/chronam

A project of the Library of Congress. Note: project members may work on both official Library of Congress projects and non-LC projects. Project mailing list can be found at http://listserv.loc.gov/archives/chronam-users.html.

Primary LanguagePython

chronam

chronam is the Django application that the Library of Congress uses to make its Chronicling America website. The Chronicling America website makes millions of pages of historic American newspapers that have been digitized by the National Digital Newspaper Program (NDNP) browsable and searchable on the Web. A little bit of background is needed to understand why this software is being made available.

NDNP is actually a partnership between the Library of Congress, the National Endowment for the Humanities (NEH), and cultural heritage organizations (awardees) across the United States who have applied for grants to help digitize newspapers in their state. Awardees digitize newspaper microfilm according to a set of specifications and then ship the data back to the Library of Congress where it is loaded into Chronicling America.
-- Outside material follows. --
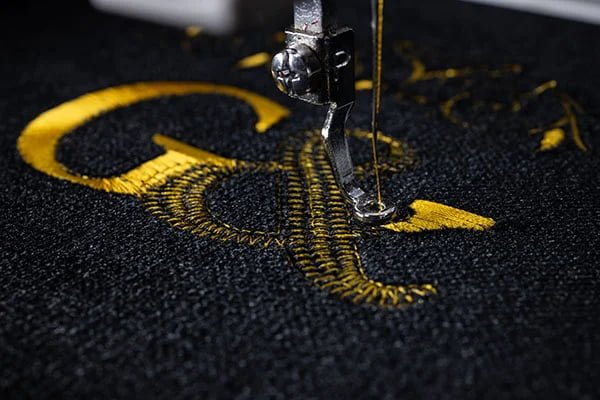 Professional golf shirt embroidery services and custom logo placement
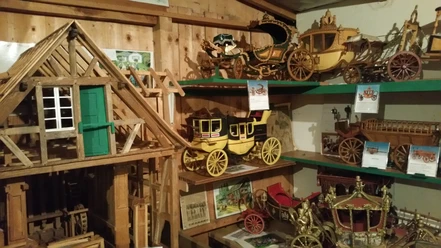Mühlenmuseum Odenthal Miniaturmodelle historischer Kutschen und ein Fachwerkhaus aus Holz in einem rustikalen Raum.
Awardee institutions are able to use this data however they want, including creating their own websites that highlight their newspaper content in the local context of their own collections. The idea of making chronam available here on Github is to provide a technical option to these awardees, or other interested parties who want to make their own websites of NDNP newspaper content available. chronam provides a core set of functionality for loading, modeling and indexing NDNP data, while allowing you to customize the look and feel of the website to suit the needs of your organization.

The NDNP data is in the Public Domain and is itself [available] (http://chroniclingamerica.loc.gov/data/batches/) on the Web for anyone to use. The hope is that the chronam software can be useful for others who want to work with and/or publish the content.

Install

System level dependencies can be installed by following these operating system specific instructions:

After you have installed the system level dependencies you will need to install some application specific dependencies, and configure the application.

First you will need to set up the local Python environment and install some Python dependencies:

cd /opt/chronam/
virtualenv ENV
source /opt/chronam/ENV/bin/activate
cp conf/chronam.pth ENV/lib/python2.6/site-packages/chronam.pth

(There is another small difference here between RedHat and Ubuntu, you may need to change the 2.6 above to a 2.7)

pip install -U distribute
pip install -r requirements.pip

Next you need to create some directories for data:

mkdir /opt/chronam/data/batches
mkdir /opt/chronam/data/cache
mkdir /opt/chronam/data/bib

And you will need a MySQL database. If this is a new server, you will need to start MySQL and assign it a root password:

sudo service mysqld start
/usr/bin/mysqladmin -u root password '' # pick a real password

You will probably want to change the password 'pick_one' in the example below to something else:

echo "DROP DATABASE IF EXISTS chronam; CREATE DATABASE chronam CHARACTER SET utf8; GRANT ALL ON chronam.* to 'chronam'@'localhost' identified by 'pick_one'; GRANT ALL ON test_chronam.* TO 'chronam'@'localhost' identified by 'pick_one';" | mysql -u root -p

You will need to use the settings template to create your application settings. Add your database password to the settings.py file:

cp /opt/chronam/settings_template.py /opt/chronam/settings.py

For Django management commands to work you will need to have the DJANGO_SETTINGS_MODULE environment variable set. You may want to add this to your ~/.profile so you do not need to remember to do it everytime you log in.

export DJANGO_SETTINGS_MODULE=chronam.settings

Next you will need to initialize database schema and load some initial data:

django-admin.py syncdb --noinput --migrate
django-admin.py chronam_sync --skip-essays

And finally you will need to collect static files (stylesheets, images) for serving up by Apache in production settings:

django-admin.py collectstatic --noinput

Load Data

As mentioned above, the NDNP data that awardees create and ship to the Library of Congress is in the public domain and is made available on the Web as batches. Each batch contains newsaper issues for one or more newspaper titles. To use chronam you will need to have some of this batch data to load. If you are an awardee you probably have this data on hand already, but if not you can use a tool like wget to bulk download the batches. For example:

cd /opt/chronam/data/
wget --recursive --no-host-directories --cut-dirs 1 --reject index.html* --include-directories /data/batches/batch_uuml_thys_ver01/ http://chroniclingamerica.loc.gov/data/batches/batch_uuml_thys_ver01/

In order to load data you will need to run the load_batch management command by passing it the full path to the batch directory. So assuming you have downloaded batch_dlc_jamaica_ver01 you will want to:

django-admin.py load_batch /opt/chronam/data/batches/batch_uuml_thys_ver01

If this is a new server, you may need to start the web server:

sudo service httpd start

After this completes you should be able to view the batch in the batches report via the Web:

http://www.example.org/batches/

Run Unit Tests

For the unit tests to work you will need to have the batch_dlc_jamaica_ver01 available. You can use the wget command in the previous section to get get it. After that you should be able to:

cd /opt/chronam/
django-admin.py test core

License

This software is in the Public Domain.